Interview with bassist Phil Soussan

Interview conducted by Luxi Lahtinen

Date online: February 2, 2019


Photo of Phil Soussan taken by Igor "Rockxposure" Vidyashev

The super-group Last in Line was formed in 2011 when Vinny Appice (ex-Heaven & Hell, ex-Dio, ex-Black Sabbath, etc.), Jimmy Bain (R.I.P. ex-Dio, ex-Rainbow, etc.), Vivian Campbell (Def Leppard, ex-Dio, ex-Whitesnake, etc.) and Andrew Freeman (Snow, ex-Hurricane, ex-Lynch Mob, etc.) teamed up in order to go back to the roots of heavy rock and jam for the joy of it. The result of these sessions was the band's twelve-song debut album Heavy Crown, which was released in February 2016. The album received overwhelming response around the world and even landed at #1 on the Billboard Heat-Seekers Chart.
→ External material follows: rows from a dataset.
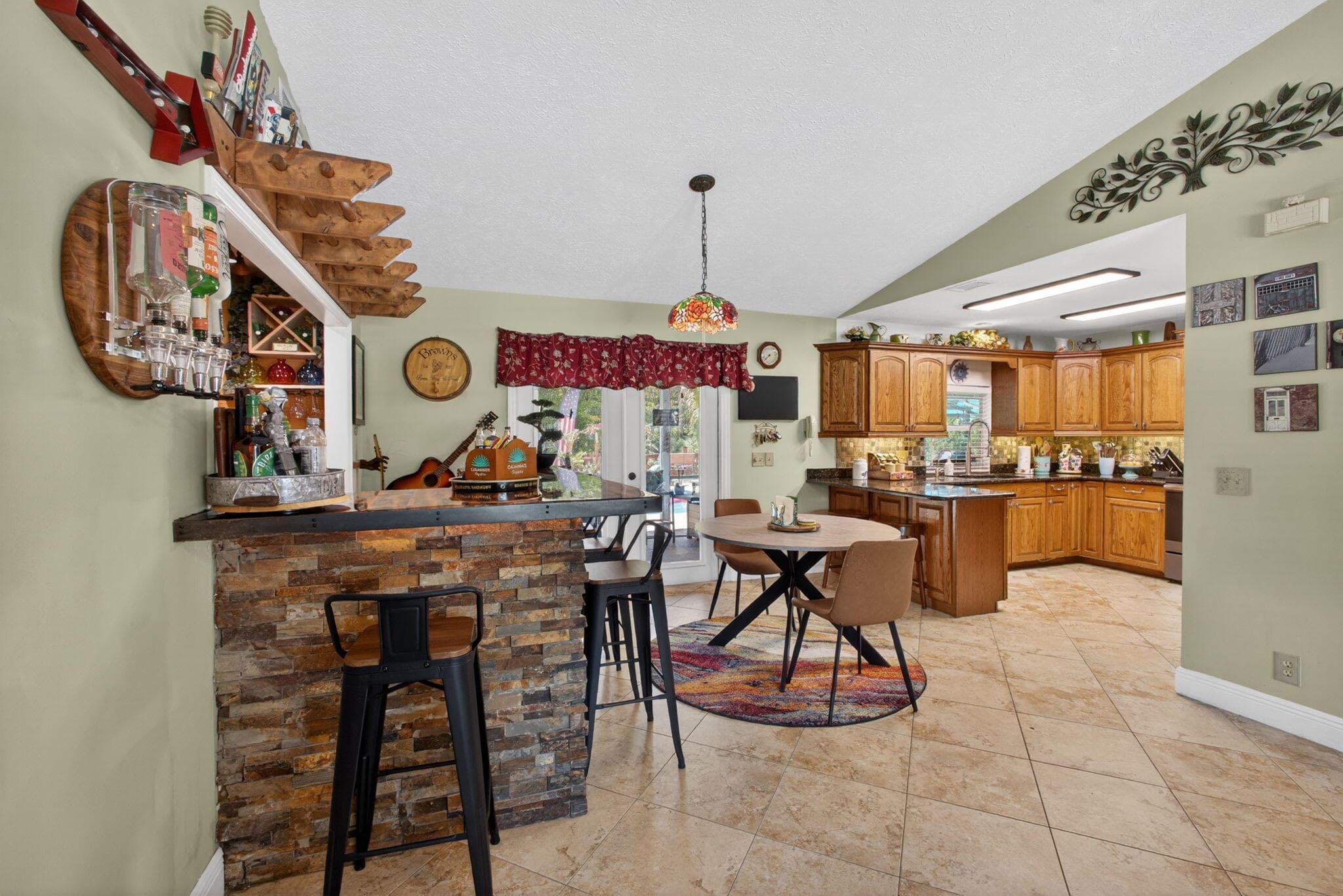 12558 165th Road N, Jupiter, FL 33478 — photo 20 of 68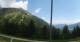 Molveno Di. 23.6.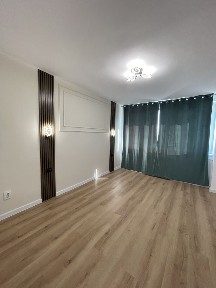 Apartament cu 3 camere renovat modern! Sagului, str Fructelor nr 8!PROPRIETAR 0% COMISION!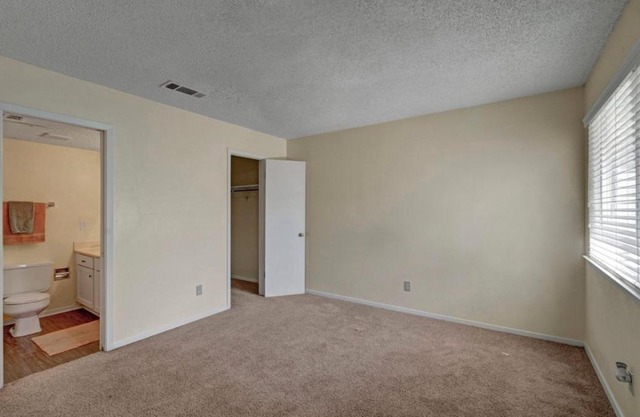 Summertree apartments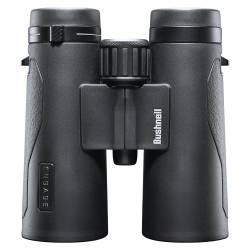 Bushnell Engage Binoculars 10X50MM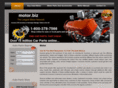motor.biz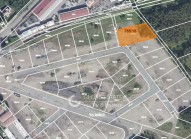 Snímek obrazovky 2023-04-03 v 15.56.54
This good start for the band was accompanied by a dark side when the much loved and adored bassist Jimmy Bain passed away at the age of 68 nearly a month before the album's release. As saddened as the remaining guys were about the tragic loss of their dear friend, they knew Jim would have wanted to see them keep going, so they did.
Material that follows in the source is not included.